Il existe certes des familles chrétiennes pour lesquelles avoir un fils prêtre n’est pas une absurdité mais une joie, mais le vivier n’est pas inépuisable. Des vocations semblent se dessiner dans d’autres villes, ainsi à Sartrouville, la deuxième du diocèse en démographie.
S’agissant des laïcs, toutes ces familles profondément attachées à l’Église ont toujours représenté une force, mais le réseau familial devient de plus en plus complexe, y compris dans ces milieux. Les couples travaillent. Les retraités sont très occupés. Ceci étant, nous avons accompli de nombreux pas en avant en ce qui concerne la participation des laïcs. Depuis trois ans, nous comptons par exemple sur la présence très heureuse de deux femmes au sein du conseil épiscopal.
Vous êtes depuis bientôt vingt ans à la tête de ce diocèse. En quoi est-ce une chance ?

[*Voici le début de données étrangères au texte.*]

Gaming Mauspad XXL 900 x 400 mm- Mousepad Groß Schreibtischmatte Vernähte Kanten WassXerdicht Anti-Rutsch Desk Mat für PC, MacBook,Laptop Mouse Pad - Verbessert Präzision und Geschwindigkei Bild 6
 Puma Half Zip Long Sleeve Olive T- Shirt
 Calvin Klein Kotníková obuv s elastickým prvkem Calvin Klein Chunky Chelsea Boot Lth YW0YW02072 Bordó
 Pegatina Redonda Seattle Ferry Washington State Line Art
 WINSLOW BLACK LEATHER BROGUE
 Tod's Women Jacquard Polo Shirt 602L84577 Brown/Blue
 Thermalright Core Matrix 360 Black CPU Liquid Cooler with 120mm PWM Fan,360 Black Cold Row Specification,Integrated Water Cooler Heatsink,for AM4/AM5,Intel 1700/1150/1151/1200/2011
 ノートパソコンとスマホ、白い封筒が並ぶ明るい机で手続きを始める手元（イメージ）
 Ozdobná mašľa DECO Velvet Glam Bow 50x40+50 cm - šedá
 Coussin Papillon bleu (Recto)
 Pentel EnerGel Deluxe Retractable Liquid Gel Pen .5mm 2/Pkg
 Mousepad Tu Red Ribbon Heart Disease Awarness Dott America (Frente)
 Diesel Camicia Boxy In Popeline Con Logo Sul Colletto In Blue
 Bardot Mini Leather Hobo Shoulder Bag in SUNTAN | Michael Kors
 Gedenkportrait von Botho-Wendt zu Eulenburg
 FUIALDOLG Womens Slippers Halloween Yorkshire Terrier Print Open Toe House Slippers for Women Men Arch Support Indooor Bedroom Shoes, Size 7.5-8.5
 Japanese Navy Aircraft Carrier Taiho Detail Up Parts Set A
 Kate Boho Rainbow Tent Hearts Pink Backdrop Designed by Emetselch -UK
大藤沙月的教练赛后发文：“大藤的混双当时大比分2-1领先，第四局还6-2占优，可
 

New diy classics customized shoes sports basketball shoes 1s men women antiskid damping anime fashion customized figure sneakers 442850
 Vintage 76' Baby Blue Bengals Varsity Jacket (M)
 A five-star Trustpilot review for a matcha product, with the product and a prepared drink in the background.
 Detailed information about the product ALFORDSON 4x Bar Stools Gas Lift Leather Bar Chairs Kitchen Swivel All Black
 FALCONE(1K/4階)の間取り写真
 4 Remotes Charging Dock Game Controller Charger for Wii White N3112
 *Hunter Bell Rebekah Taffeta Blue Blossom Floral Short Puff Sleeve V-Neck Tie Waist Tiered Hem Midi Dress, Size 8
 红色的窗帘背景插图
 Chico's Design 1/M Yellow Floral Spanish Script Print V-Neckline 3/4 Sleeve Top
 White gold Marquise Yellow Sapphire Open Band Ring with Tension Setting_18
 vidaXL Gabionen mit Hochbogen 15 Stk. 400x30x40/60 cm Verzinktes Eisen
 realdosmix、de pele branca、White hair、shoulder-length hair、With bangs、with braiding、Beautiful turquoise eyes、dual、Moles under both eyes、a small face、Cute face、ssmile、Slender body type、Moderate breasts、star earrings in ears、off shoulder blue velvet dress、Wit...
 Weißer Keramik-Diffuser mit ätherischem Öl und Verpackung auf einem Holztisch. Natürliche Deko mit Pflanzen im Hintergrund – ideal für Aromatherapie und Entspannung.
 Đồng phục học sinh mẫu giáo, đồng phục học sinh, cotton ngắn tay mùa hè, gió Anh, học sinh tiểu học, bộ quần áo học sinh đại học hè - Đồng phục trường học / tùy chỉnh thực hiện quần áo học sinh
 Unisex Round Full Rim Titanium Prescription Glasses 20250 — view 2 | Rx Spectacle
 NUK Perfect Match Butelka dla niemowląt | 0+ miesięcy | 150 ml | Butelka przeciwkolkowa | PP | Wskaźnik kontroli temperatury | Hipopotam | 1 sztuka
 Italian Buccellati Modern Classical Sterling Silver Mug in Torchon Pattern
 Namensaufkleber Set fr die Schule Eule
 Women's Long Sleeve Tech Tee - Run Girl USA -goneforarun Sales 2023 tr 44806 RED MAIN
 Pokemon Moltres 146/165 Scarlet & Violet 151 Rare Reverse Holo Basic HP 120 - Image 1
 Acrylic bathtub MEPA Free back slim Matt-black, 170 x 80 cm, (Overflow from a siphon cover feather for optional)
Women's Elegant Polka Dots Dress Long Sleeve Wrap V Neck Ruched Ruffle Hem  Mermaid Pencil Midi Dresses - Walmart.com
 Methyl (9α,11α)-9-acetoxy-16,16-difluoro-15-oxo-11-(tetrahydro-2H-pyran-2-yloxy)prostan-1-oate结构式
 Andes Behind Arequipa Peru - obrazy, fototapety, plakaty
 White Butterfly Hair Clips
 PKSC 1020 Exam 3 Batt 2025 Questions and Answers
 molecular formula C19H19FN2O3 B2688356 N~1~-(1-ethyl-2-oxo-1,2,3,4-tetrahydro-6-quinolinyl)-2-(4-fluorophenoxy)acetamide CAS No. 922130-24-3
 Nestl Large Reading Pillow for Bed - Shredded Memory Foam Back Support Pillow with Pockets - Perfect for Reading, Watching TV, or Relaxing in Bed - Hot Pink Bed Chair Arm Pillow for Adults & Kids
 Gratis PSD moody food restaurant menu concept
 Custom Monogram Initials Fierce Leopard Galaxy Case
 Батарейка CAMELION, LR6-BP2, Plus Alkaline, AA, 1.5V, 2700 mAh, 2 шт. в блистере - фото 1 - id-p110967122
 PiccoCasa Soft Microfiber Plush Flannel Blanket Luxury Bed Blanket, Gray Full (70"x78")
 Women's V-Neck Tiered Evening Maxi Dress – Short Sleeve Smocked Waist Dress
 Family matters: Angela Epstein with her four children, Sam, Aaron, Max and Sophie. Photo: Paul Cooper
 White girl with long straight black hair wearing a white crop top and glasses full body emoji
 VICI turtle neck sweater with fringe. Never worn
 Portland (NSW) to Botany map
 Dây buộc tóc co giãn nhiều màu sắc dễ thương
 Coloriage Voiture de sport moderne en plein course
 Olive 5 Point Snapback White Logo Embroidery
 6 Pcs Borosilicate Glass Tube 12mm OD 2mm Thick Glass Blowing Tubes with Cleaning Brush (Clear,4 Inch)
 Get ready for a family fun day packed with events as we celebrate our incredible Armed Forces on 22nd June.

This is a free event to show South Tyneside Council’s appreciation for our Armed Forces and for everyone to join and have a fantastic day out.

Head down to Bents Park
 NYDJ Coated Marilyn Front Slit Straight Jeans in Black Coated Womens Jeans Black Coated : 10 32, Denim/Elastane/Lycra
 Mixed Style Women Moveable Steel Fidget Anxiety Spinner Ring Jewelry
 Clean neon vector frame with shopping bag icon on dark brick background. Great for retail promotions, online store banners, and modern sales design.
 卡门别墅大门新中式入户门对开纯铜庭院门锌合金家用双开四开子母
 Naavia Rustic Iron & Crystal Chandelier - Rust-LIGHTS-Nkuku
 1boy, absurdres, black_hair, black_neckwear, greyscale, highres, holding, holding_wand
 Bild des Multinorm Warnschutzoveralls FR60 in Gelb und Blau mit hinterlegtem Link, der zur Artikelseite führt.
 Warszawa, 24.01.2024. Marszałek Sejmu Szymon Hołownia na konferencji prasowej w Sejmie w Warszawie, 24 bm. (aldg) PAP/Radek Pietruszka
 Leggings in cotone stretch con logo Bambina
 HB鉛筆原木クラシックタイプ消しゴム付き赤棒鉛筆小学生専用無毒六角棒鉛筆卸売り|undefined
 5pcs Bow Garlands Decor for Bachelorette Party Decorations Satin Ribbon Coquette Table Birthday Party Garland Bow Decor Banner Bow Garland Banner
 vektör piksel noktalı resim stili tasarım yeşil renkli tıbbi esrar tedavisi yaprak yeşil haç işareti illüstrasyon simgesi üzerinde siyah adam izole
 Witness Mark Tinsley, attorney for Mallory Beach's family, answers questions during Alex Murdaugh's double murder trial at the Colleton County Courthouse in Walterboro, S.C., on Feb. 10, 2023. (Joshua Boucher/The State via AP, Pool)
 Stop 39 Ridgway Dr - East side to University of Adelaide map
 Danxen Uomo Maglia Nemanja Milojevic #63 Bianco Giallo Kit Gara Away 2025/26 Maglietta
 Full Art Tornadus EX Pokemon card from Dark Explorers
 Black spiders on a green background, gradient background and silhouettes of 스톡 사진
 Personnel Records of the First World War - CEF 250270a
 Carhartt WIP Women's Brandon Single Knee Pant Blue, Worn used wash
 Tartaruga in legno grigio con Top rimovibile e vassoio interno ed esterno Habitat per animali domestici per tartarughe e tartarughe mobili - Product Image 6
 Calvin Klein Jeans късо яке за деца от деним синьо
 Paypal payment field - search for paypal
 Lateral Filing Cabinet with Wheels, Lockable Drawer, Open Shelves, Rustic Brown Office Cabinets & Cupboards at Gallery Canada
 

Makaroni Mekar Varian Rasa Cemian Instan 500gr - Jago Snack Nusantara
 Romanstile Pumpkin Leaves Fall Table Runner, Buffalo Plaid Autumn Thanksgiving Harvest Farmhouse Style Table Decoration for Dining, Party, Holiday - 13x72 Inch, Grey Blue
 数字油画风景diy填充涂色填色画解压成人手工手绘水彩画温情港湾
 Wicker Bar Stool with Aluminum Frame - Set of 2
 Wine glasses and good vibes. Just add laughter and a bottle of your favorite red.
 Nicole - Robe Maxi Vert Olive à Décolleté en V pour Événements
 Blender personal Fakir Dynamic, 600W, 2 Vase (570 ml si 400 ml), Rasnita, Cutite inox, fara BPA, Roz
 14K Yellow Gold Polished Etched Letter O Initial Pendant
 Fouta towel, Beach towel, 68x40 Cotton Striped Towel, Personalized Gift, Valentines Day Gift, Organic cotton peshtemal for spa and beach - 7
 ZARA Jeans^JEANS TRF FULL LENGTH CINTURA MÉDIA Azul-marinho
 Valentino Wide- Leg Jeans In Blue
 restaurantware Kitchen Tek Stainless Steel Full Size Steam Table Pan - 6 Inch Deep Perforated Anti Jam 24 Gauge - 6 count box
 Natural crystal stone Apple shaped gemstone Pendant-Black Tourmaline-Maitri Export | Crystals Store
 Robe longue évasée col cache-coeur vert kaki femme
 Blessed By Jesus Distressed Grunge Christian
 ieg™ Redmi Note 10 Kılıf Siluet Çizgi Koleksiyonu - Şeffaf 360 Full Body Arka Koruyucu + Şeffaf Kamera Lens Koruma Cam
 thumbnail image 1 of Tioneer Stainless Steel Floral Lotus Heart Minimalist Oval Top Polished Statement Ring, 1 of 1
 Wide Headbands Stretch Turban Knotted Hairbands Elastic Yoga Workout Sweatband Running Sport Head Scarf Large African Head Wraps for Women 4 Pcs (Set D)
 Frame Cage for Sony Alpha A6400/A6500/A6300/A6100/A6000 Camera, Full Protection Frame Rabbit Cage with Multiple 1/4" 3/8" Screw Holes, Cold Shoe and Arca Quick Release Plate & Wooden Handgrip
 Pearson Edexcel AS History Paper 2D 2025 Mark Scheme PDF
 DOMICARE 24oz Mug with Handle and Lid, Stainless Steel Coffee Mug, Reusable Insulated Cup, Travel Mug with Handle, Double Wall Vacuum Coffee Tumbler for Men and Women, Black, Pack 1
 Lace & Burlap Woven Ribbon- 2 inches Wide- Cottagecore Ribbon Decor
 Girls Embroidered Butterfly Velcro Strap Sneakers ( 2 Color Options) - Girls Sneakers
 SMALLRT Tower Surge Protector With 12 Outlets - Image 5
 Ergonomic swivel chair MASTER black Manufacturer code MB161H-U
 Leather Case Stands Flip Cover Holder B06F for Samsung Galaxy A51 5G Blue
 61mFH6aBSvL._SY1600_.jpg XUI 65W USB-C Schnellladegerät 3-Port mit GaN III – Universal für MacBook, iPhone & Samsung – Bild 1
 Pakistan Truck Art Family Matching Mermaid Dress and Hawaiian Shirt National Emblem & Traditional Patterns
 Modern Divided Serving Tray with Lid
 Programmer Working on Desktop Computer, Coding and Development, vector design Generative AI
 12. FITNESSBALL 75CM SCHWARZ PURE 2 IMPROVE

Une telle durée permet de voir aboutir les projets. Je songe à trois lieux. À Sartrouville, j’ai notamment eu la joie de célébrer les 50 ans de l’église Saint Joseph, de voir la construction de l’église Saint Jean XXIII sur le Plateau et d’accompagner l’évolution pastorale de ces paroisses qui désormais s’entraident. Sur Mantes, les prêtres vivent dans un presbytère commun au lieu d’être dispersés sur quatre lieux. Sur la paroisse de Montigny-Voisins-le Bretonneux, enfin, les églises s’avèrent trop étroites pour un accueil digne et fraternel adapté à cet espace urbain. Nous avons le projet de construire une grande église de 700 places, Saint Joseph le bienveillant. Ce sont trois exemples parmi d’autres. Cette longévité dans la charge épiscopale permet aussi de mieux accompagner les prêtres, notamment ceux à la formation desquels on a contribué.